AIM OF THE TASK: No picture should appear in the copy. Transcribe exactly, and only, the lines from the one with "Кожаные кроссовки ecco" through the last line of the data below.

DATASET SECTION:
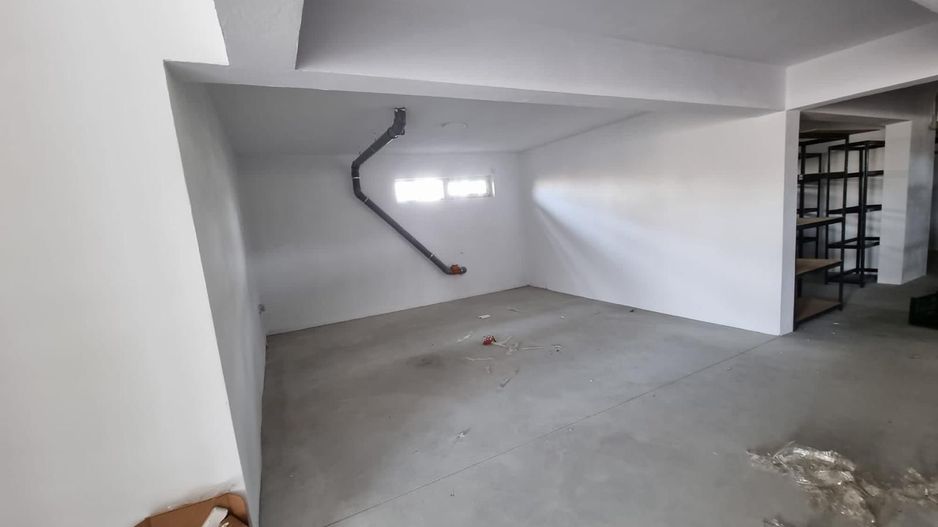 SPATIU - DEPOZIT / 358.1 MP, 2 GRUPURI SANITARE, RAMPA ACCES, LIBER - Poză 2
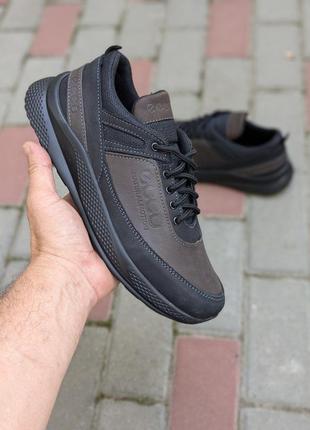 Кожаные кроссовки ecco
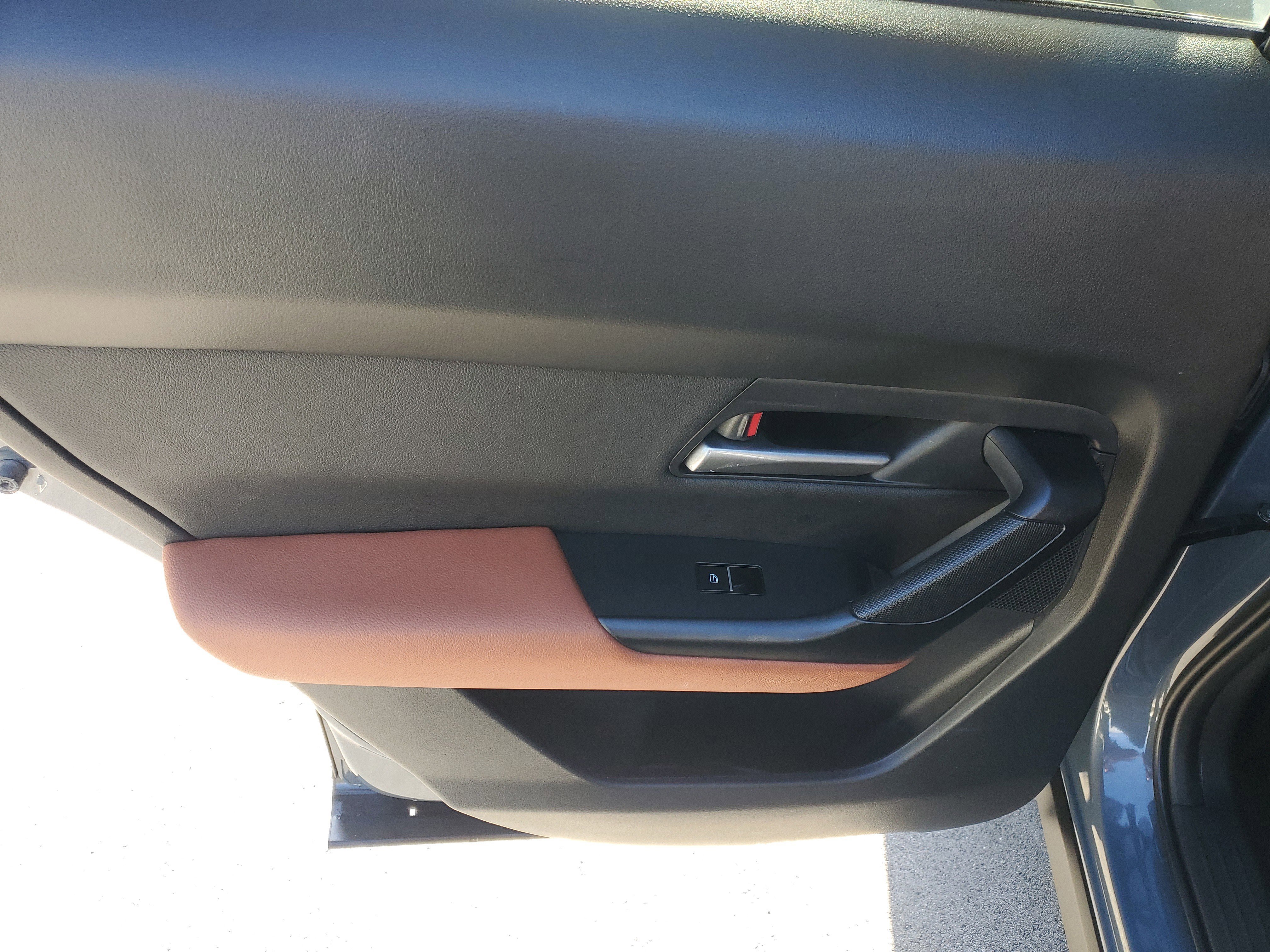 Used 2023 MAZDA CX-50 Meridian Edition w/ Apex Package image 14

EXERCISE RESPONSE:
 Кожаные кроссовки ecco
 Used 2023 MAZDA CX-50 Meridian Edition w/ Apex Package image 14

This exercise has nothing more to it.